Toplumsal, sosyal ve ekonomik sorunların çoğu, zaman içinde birçok yönüyle hepimizi uyarıyor, fakat bu uyarıların birçoğu nedense dikkate alınmıyor.
Alınmayınca da geç kalınıyor, geç kalındığında ise olay gerçekleşiyor ve ihmaller zinciri sürüp gidiyor. Olaya bir suçlu aranıyor, bulunmayınca da bir günah keçisi!
Gerçek suçlu mu? Çoğunlukla onlar hayatlarına devam ediyor.

Örneğin TÜİK’e göre 6 Şubat Kahramanmaraş merkezli depremlerde 45 bin 784 kişi hayatını kaybetti.

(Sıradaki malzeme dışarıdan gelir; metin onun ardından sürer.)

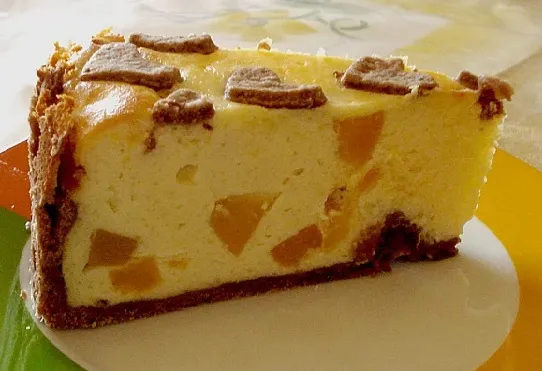 Mascarpone Pfirsich Zupfkuchen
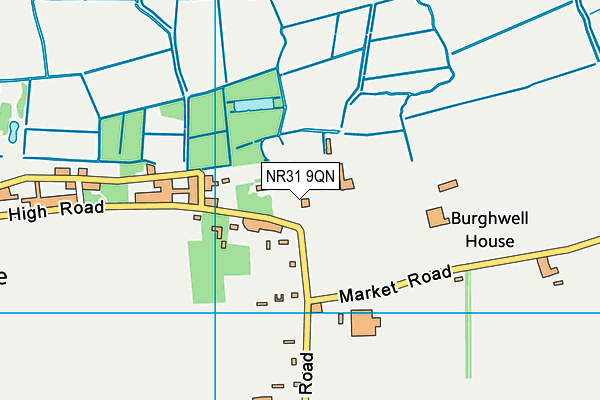 NR31 9QN map - OS VectorMap District (Ordnance Survey)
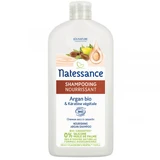 Natessance Argan Organische Voedende Shampoo met Plantaardige Keratine 500ml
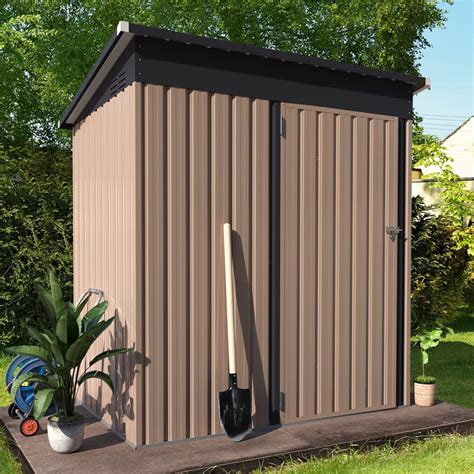 Amazon Lyromix Upgraded Metal Outdoor Storage Shed With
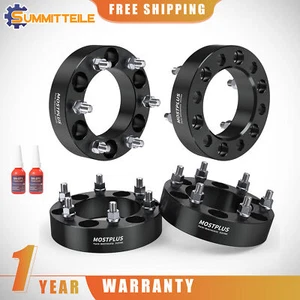 Set(4)1.5'' 6X5.5'' Wheel Spacers Adapters 108mm M14x1.5 For Silverado Sierra - Picture 1 of 9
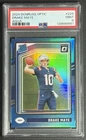 2024 Panini Donruss Optic Rated Rookie Drake Maye #229 Aqua Prizm RC /299 PSA 9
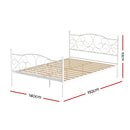 Artiss Bed Frame Double Size Metal Bed Frame GROA-2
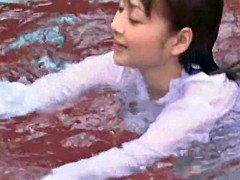 Babes, Brunette, Japanese, Pool, Softcore, Teen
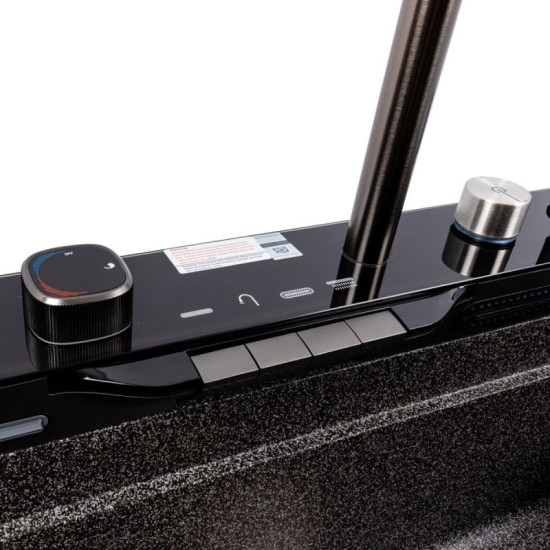 Кухонная мойка Valeso 7546 EVANORA матовая графит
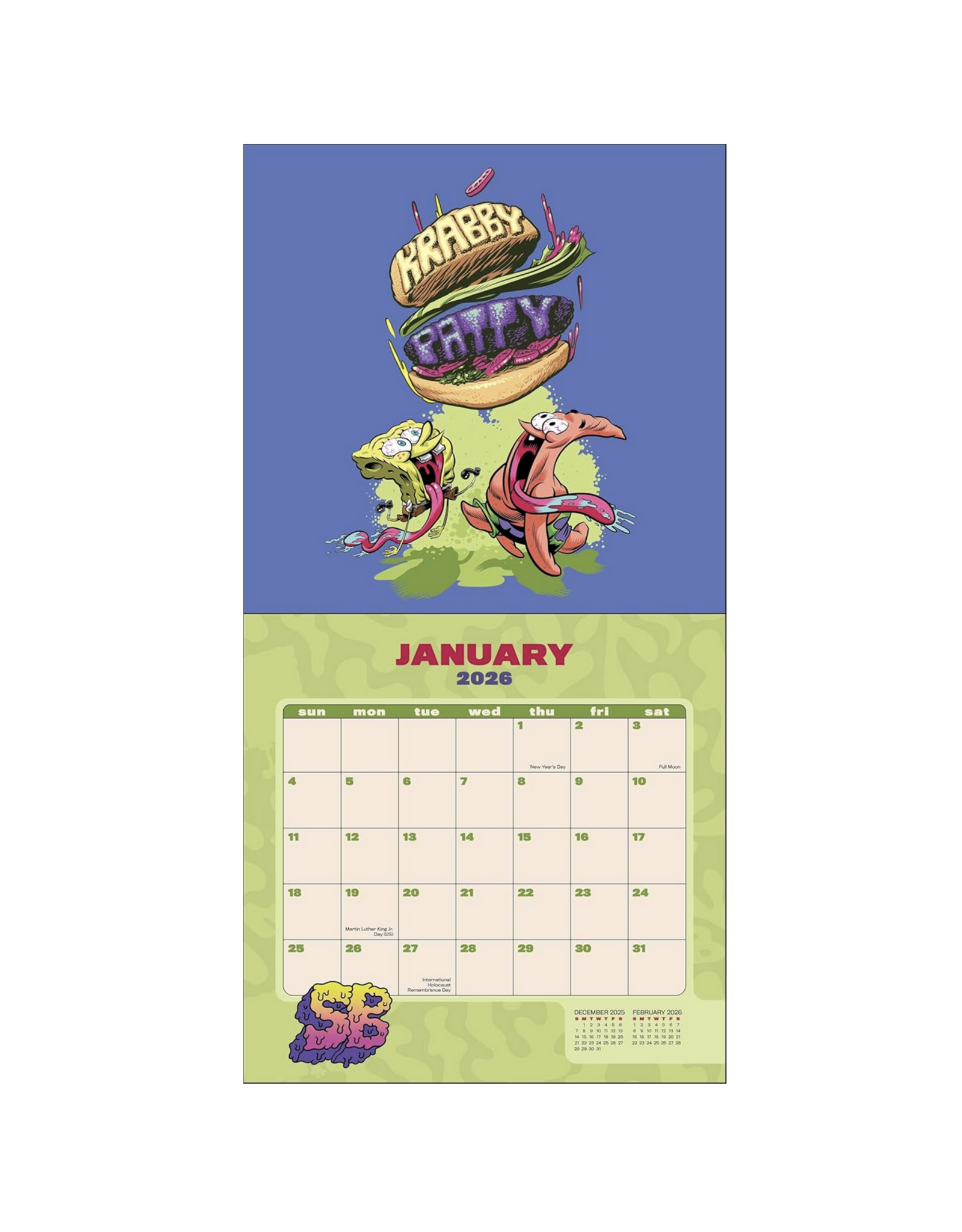 Spongebob Squarepants Wall Calendar 2026
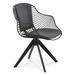 sohoConcept Zebra Sword Swivel Arm Chair Faux Leather/Upholstered in Black | 31.5 H x 24 W x 23 D in | Wayfair ZEBG-SWO-BLK-003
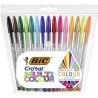 Set de Bolígrafos Bic Cristal Multicolor 15 Piezas Multicolor 0,42 mm (15 Piezas)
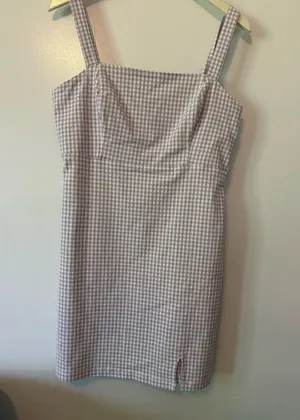 Hollister Dress Size Large Gingham Plaid thumbnail 1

Yüz binden fazla yaralı ve on binlerce bina yıkıldı.
Birkaç sorumlu bulundu ancak binayı çürük yapan binlerce müteahhit, denetleyen onlarca yapı denetim şirketi, bina tasarlayan mimar, izin veren belediye, tarım arazisini imara açanlar, 5 kat yerine 10 kat’a izin verenler, gecekondunun mimarisi sağlam raporunu çıkaran, demirinden çeliğine, çimentosundan kumuna her şeyden çalan suçluların bir çoğu, hala tespit edilemedi.
Demek ki mesele neymiş, tehlike bize en yakın yerdeymiş ama fark dilmez bir hale bürünmüş ve onu gözden kaçırmaya devam ediyoruz toplum olarak.
Tıpkı geçen hafta Bolu da yanan otel, Konya da çöken bina, Diyarbakır da, Van da, Tekirdağ da, İstanbul da öldürülen kız çocuklarının akıbeti gibi.
Yarın yine deprem olacak, yine kadına çocuğa şiddet tekrarlanacak, otel, ev, fabrika ile dükkanlar ve ormanlar yanmaya devam edecek.
Gerekli olan; bu olaylar olmadan denetim yapmak ve tedbir almaktır. Gerçekleştikten sonra suçluyu bulmak önemli ama nedense ulaşılamıyor.

Sokaktaki adam merak ediyor. Son zamanlarda ülkenin durumuna akıl sır erdiremiyor. Çünkü memlekette garip bir haller oluyor diyor.
Ekonomik buhranın gölgesinde gelişen bunca tatsızlığın sorumlusu kim diye soruyor?
Siyasetçisinden, sporcusuna, sinemacısından oyuncusuna kadar her gün birileri tutuklanıyor. 
Ülkede bunca sorun varken ve bu sorunlar çözüm beklerken vatandaş şaşkın. İktidar, sorun çözmekten çok, sorun üretmeye mi evirildi diye düşünüyor.

Belki de; “Perşembenin gelişi çarşambadan bellidir” atasözü, tehlikenin sesini duyar gibi ve tehlike her zaman dikkate almadığınız yerden gelir.

Artık çoğu kimse görmüyor, duymuyor, tepki vermiyor, sorgulamıyor.
Özetle kendi halinde sessizce, öylece yaşamaya devam ediyor.
Birsen Tezer diyor ki; “Her yeri yalnızlık sarmış. Sen nasılsın?” diye soran bile yok artık.
Bizce de, olacakları uzakta aramayın çünkü her şey yanı başınızda olup bitiyor.